The moral Achilles heel of a generation

Fr. Ron Rolheiser, omi


March 1, 1999

A couple of years ago, out of a job and looking for work, one of my nephews was bouncing from one family member to the next, accepting whatever free room and meals might be given to him. He was young, travelling light, resilient, with a good attitude, and content enough to sleep on sofas and eat whatever anyone gave him. He wasn't one to panic quickly.

One day, at a family dinner, one of my sisters told him: "If you ever get really desperate, you can move into my house for awhile." His reply, "How would I know if I'm desperate?"

When Bill Clinton apologized on world television last summer for abusing the trust of his family and country, many doubted his sincerity. A lot of people said: "He isn't sincere. He isn't really sorry, he just got caught!"

Was he sincere? I raise the question because his struggles here are so much in fact the struggles of our generation. Bill Clinton is the first baby boomer president of the United States. What is interesting is that both the virtues and the faults he brings to that office are quite typical, archetypal even, of that generation, my generation.

Hence, listening to him apologize and explain himself last Aug. 17, and other times before and after, I believe he spoke with as much sincerity as he, and our generation, can muster.

But the problem is that our generation, analogous to my cash-strapped nephew not knowing what it means to be desperate, doesn't know what it means to be really sincere.

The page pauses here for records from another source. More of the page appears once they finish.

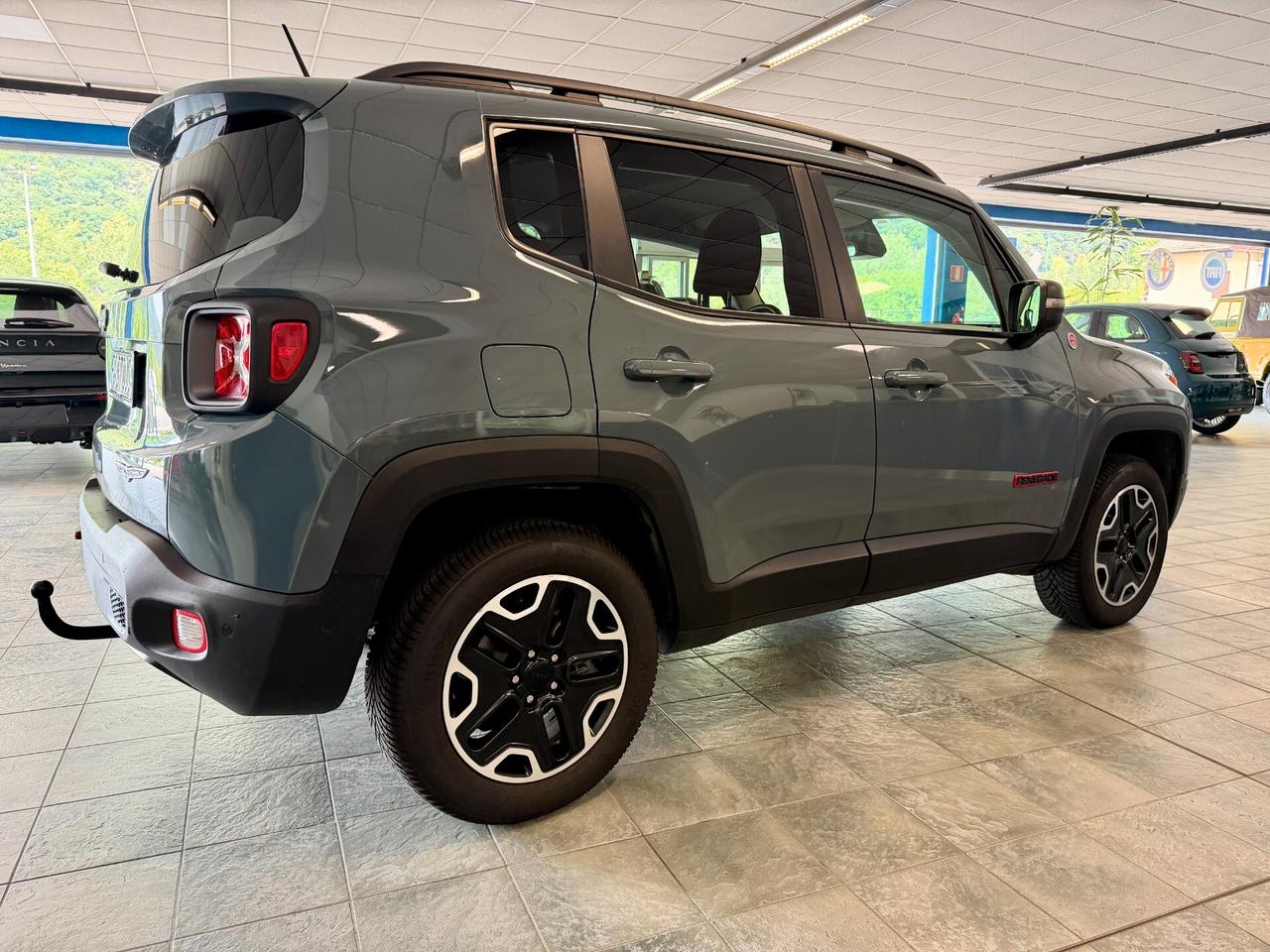 Jeep Renegade 2.0 Mjt 170CV 4WD Trailhawk Cambio automatico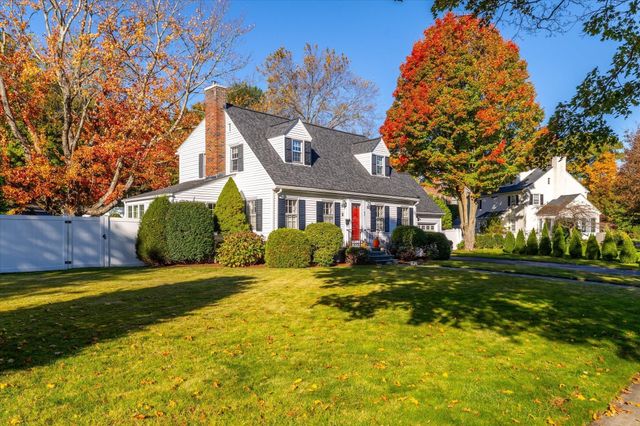 57 Forest St, Worcester, MA 01609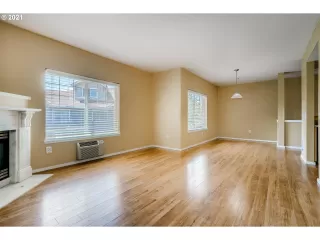 Photo #4: 21607467 Listing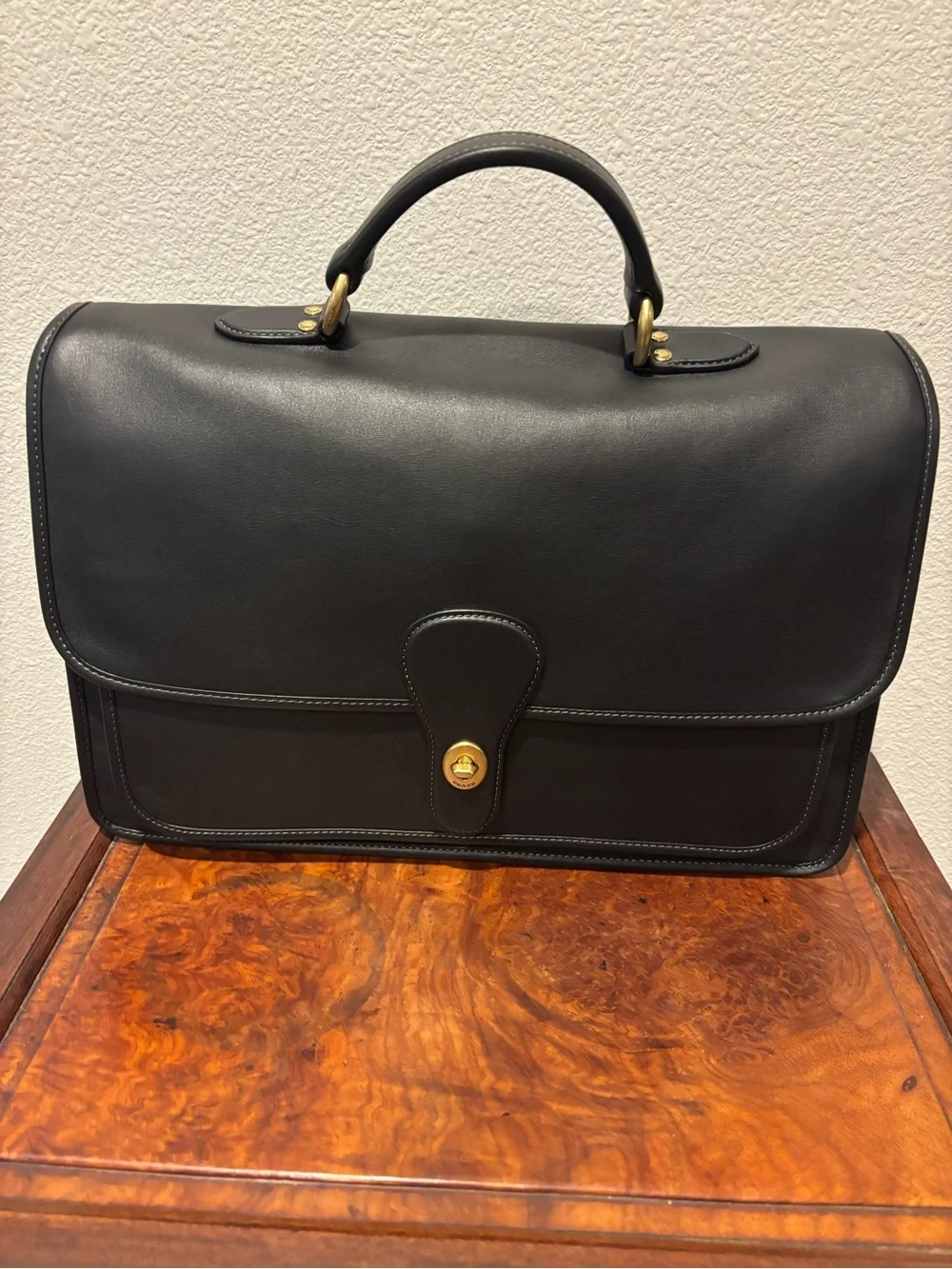 Coach Metropolitan Messenger Bag - Picture 3 of 12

If he were asked: "Are you sincere?" Clinton (like the rest of us) should probably answer: "How would I know if I'm really sincere?"

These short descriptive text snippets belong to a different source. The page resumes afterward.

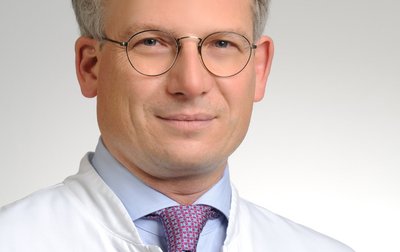 Porträt von Priv.-Doz. Dr. med. Gerald Braun, Chefarzt für Innere Medizin, Nephrologie, Geriatrie, Intensivmedizin, Transplantationsmedizin, Hypertensiologie am Klinikum Coburg der Sana Kliniken Oberfranken.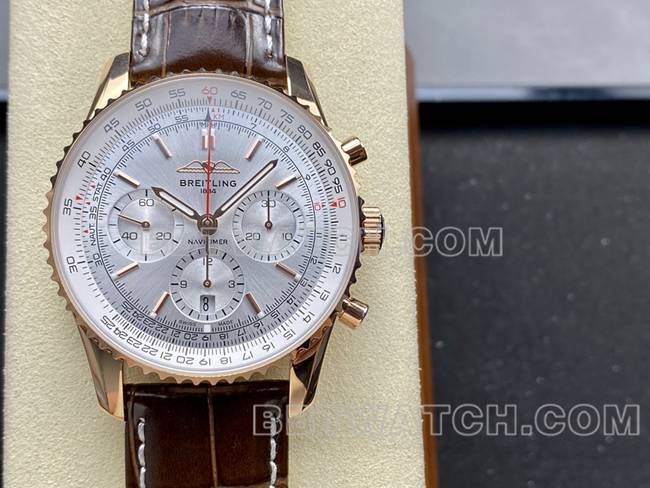 最佳复刻手表BLS厂银白盘百年灵航空计时玫瑰金皮带款正面实拍图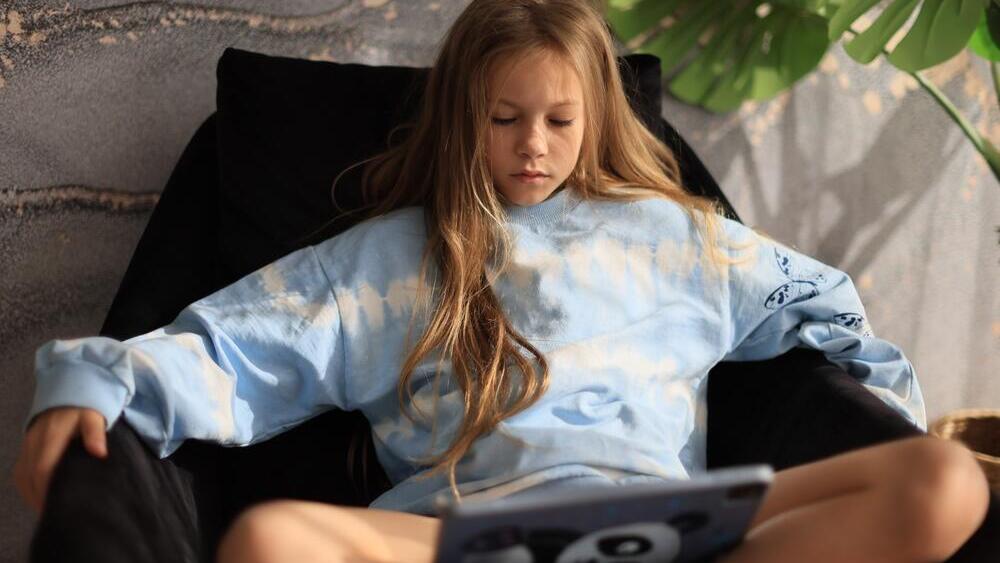 Like it or not, the technology is here and children are using it (Photo: Shutterstock) ילדה משתמשת בטאבלט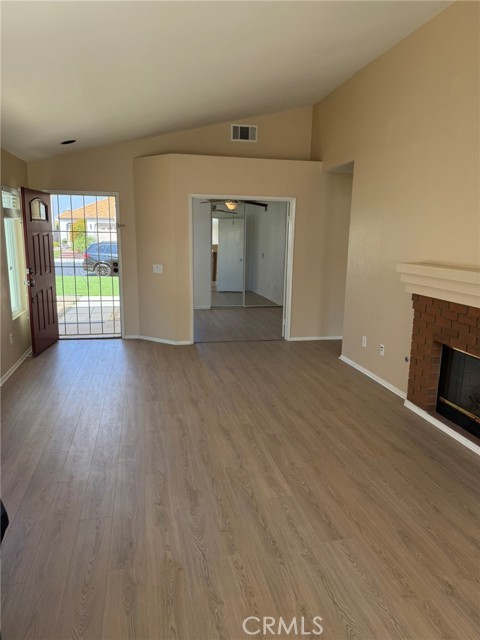 28076 Orangegrove Avenue, Menifee CA: https://media.crmls.org/medias/e8ef73df-9817-4f12-93b4-5ced1301486d.jpg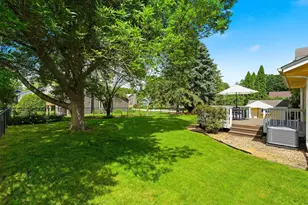 7470 Atherton Way, Eden Prairie, MN 55346 - Photo 27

This isn't a facetious comment. Sincerity, for us, has a certain shallowness, a certain blindness and a certain rationalization to it, even as it has a certain genuineness too. Thus, Clinton's struggle to be sincere is much our generation's struggle in that area. In a way, he is our generation incarnate, both its good and its bad.

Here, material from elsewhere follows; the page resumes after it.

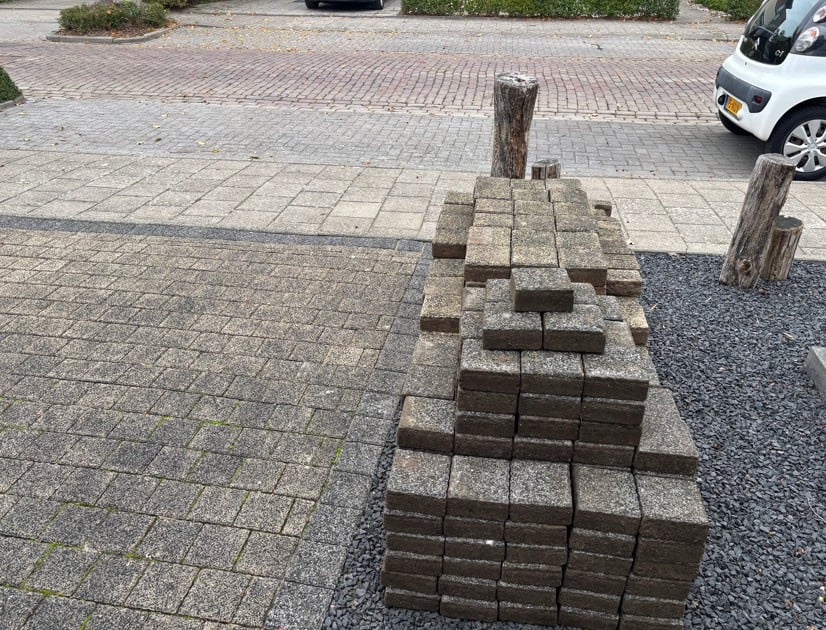 Gratis sierstenen 13x13 in geel en grijs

First, the good: He was sincere. Although he was cornered, he meant it when he said he was sorry. Underneath it all, reluctant to confess or not, there was sincerity, contrition. He felt badly about betraying trust.

However, even though he was sincere, a number of things colour that sincerity and these things are also typical of our generation – so typical in fact that Bill Clinton's affair with Monica Lewinsky and his reaction to it constitute a certain parable of the baby boomer generation. What is typical and archetypical here?

Clinton has much to apologize for, but then so does our whole generation. Few things so nakedly expose the moral Achilles heel of a whole generation as does the Clinton-Lewinsky affair. Is there something to be learned here?